▸ **Data in this exercise**

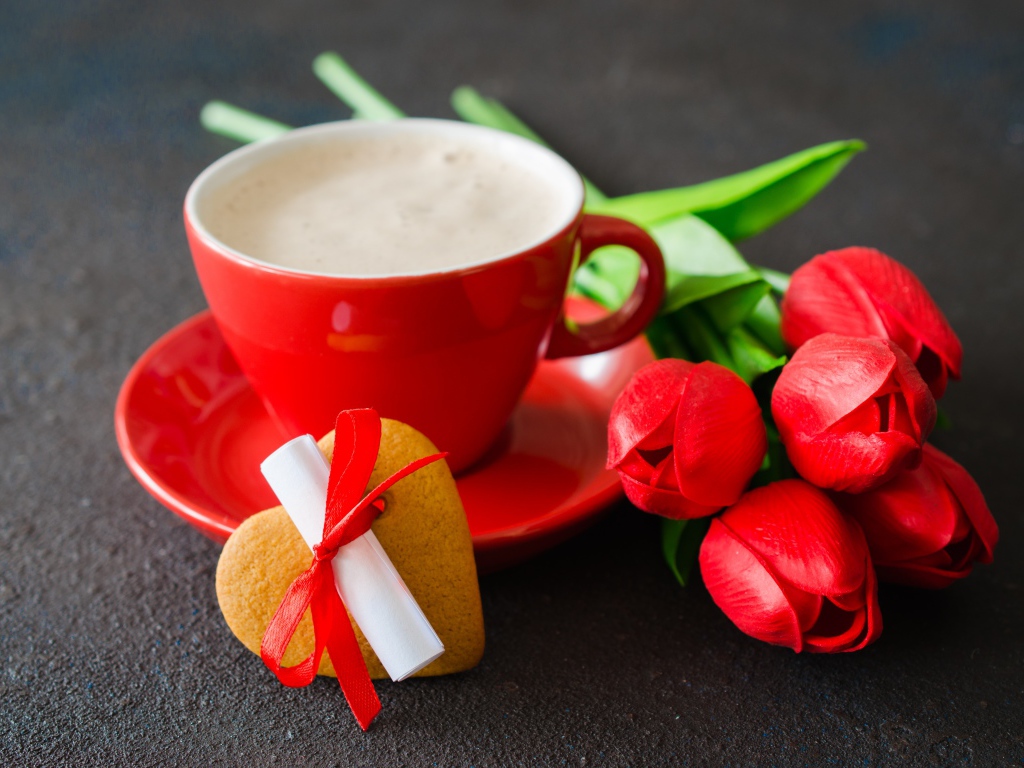 Букет тюльпанов и чашка кофе с печеньем на столе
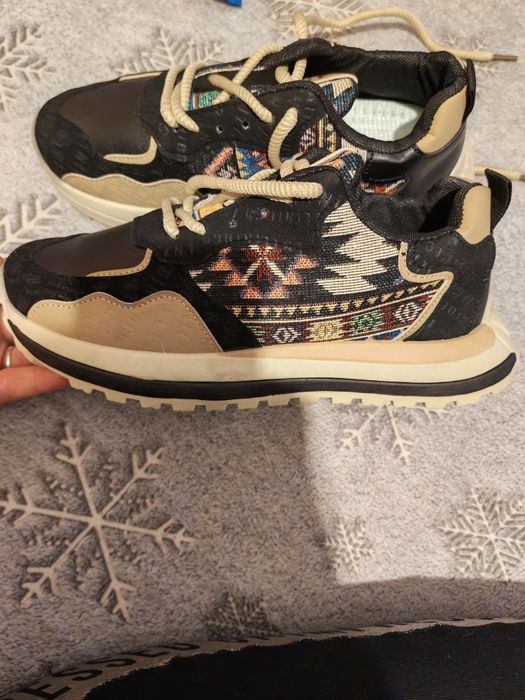 Продам Кроссовки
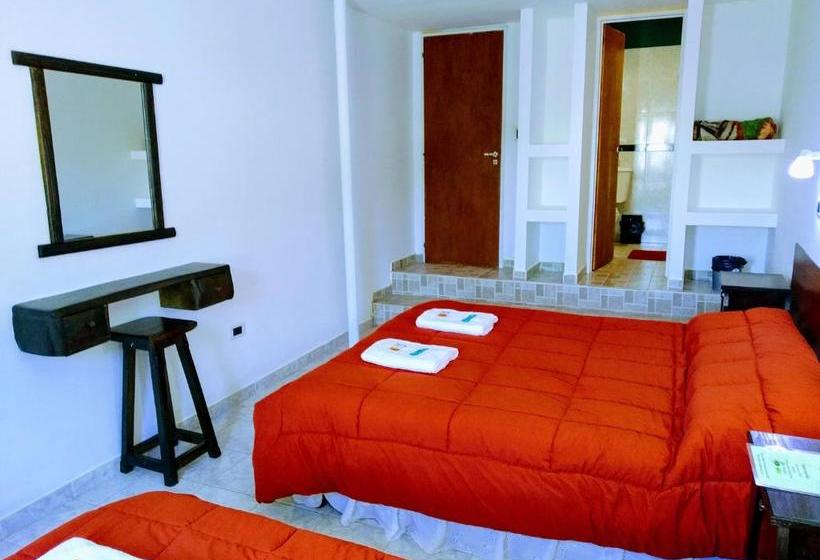 Constantino Hostel By Lo De Guille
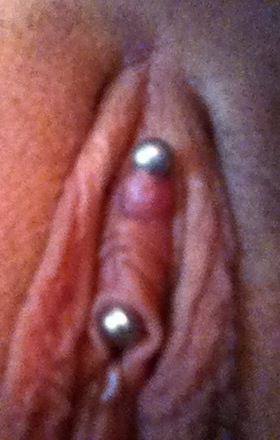VCH Piercing with bump under top ball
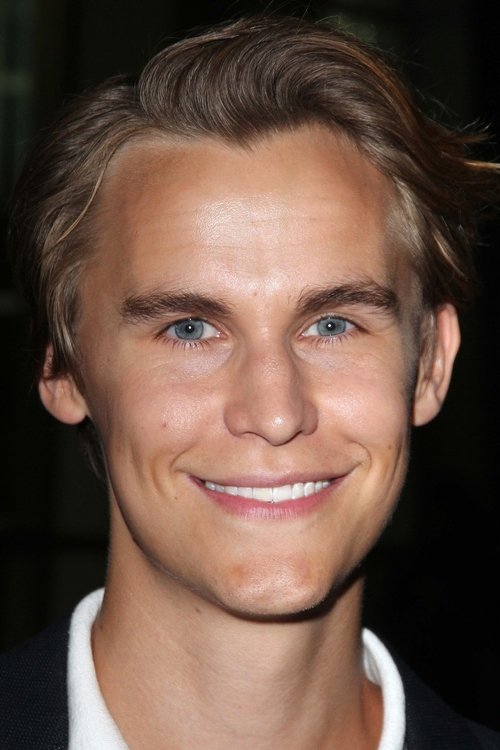 Rhys Wakefield zdjęcie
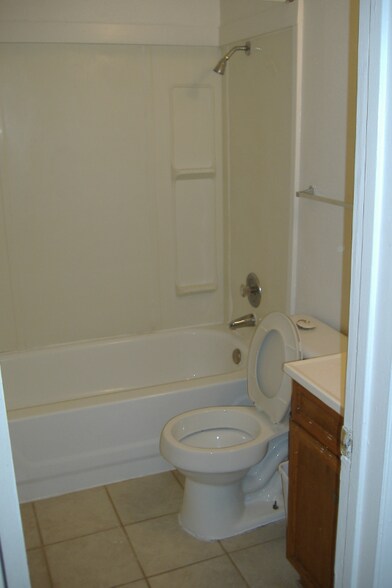 Building Photo - 536 J St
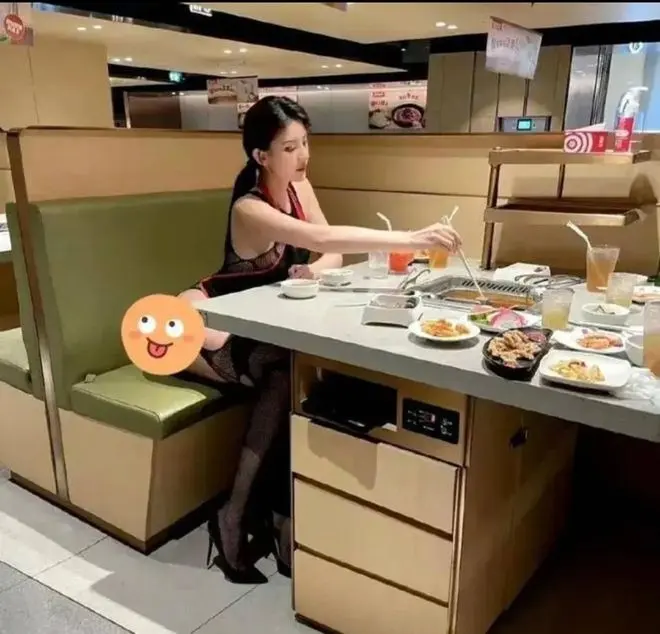 人气网红阿朱海底捞不雅视频照片事件，吃海底捞成抖音热搜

▸ **The task**
Without the pictures, copy the material exactly as given.

▸ **Exercise answer**
 Букет тюльпанов и чашка кофе с печеньем на столе
 Продам Кроссовки
 Constantino Hostel By Lo De Guille
VCH Piercing with bump under top ball
 Rhys Wakefield zdjęcie
 Building Photo - 536 J St
 人气网红阿朱海底捞不雅视频照片事件，吃海底捞成抖音热搜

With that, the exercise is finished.